2. “Lo que Dios ha unido, no lo separe el hombre”

¿Cómo aplicar esta doctrina de Jesús a las circunstancias de la vida moderna? Para responder hay que tener en cuenta dos tipos de situaciones.

1. Por una parte, la de los matrimonios que se celebraron por el rito sacramental y, sin embargo, han llegado a convertirse en un infierno y se mantienen artificialmente, no propiamente por el amor –que ya no existe o nunca existió–, sino por guardar las apariencias. En estos casos resulta preferible una separación y, en este sentido, la verdad de la afirmación de Jesús sigue vigente, pues lo que dice es que no separe el ser humano aquello que Dios ha unido, es decir, la unión que haya sido válida y que, como tal, tenga las condiciones necesarias y suficientes para ser perdurable.

2. Y por otra, lo poco que duran muchos matrimonios, en un ambiente de facilismo y superficialidad en el que impera el rechazo a cualquier compromiso permanente. A este respecto el mensaje de Jesús nos invita a reafirmar el valor de la unión sacramental entre los cónyuges como un acto de protesta contra el imperio del “bótese después de usado”, propio de la mentalidad consumista que lleva a considerar y tratar como desechables no sólo los artículos que ofrece el mercado, sino también a las personas, reducidas a objetos para el disfrute egoísta y pasajero.

 

3. “Quien se divorcia y se casa con otra –o con otro– comete adulterio”

¿Cómo entender esta afirmación de Jesús en el Evangelio, hoy cuando el divorcio y la realización de un nuevo matrimonio con otra persona han llegado a convertirse en algo corriente? En la Iglesia Católica el sacramento del matrimonio es indisoluble y para que sea válido deben darse las condiciones requeridas. Si se comprueba que alguna de tales condiciones no se cumplía en el momento de celebrar el rito, puede ser declarado nulo y esto es a lo que se le suele llamar “anulación”, una palabra poco precisa porque la sentencia de nulidad no “anula” una validez que ya existía, sino declara que no hubo un verdadero matrimonio en el momento de la realización del rito.

Las causales de nulidad del matrimonio católico están formuladas en el Derecho Canónico de la Iglesia. El divorcio, en cambio, consiste en la disolución jurídica del vínculo matrimonial, que es posible para los matrimonios civiles e incluso también para otros tipos de matrimonio religioso, como es el caso por ejemplo del matrimonio judío, al que se refiere la pregunta de los fariseos en el relato del Evangelio.
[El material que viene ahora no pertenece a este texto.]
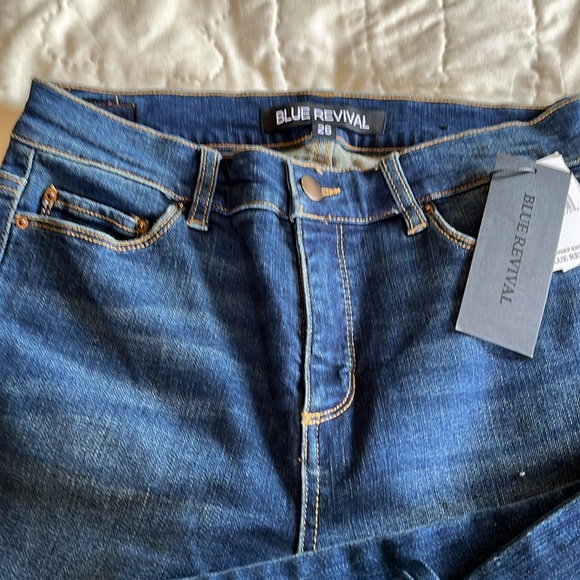 Ladies’ jeans NWT Blue Revival NWT size 26 - Picture 2 of 6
Ahora bien, sólo Dios puede juzgar en definitiva la conciencia humana. Por eso, para determinar si quien se divorcia y se casa con otra u otro comete o no el pecado de adulterio, es decir, de infidelidad con respecto a su pareja anterior, hay que remitirse al fuero interno de la conciencia de las personas y al juicio de Dios que trasciende las prescripciones institucionales y legales.

 

Conclusión

Invocando la intercesión de los esposos María santísima y san José, oremos por quienes se han comprometido sacramentalmente en unión conyugal, para que, siguiendo las enseñanzas de Jesús, Dios hecho hombre para ser hermano nuestro, como dice la segunda lectura de hoy (Hebreos 2, 9-11), y con la fuerza de su Espíritu Santo, conserven y acrecienten su amor conyugal, y así sean y den un testimonio auténtico de la presencia y la acción de Dios, que es Amor, de modo que se cumpla para ellos lo que dice el Salmo 127 (126): Dichoso el que respeta al Señor y sigue sus caminos.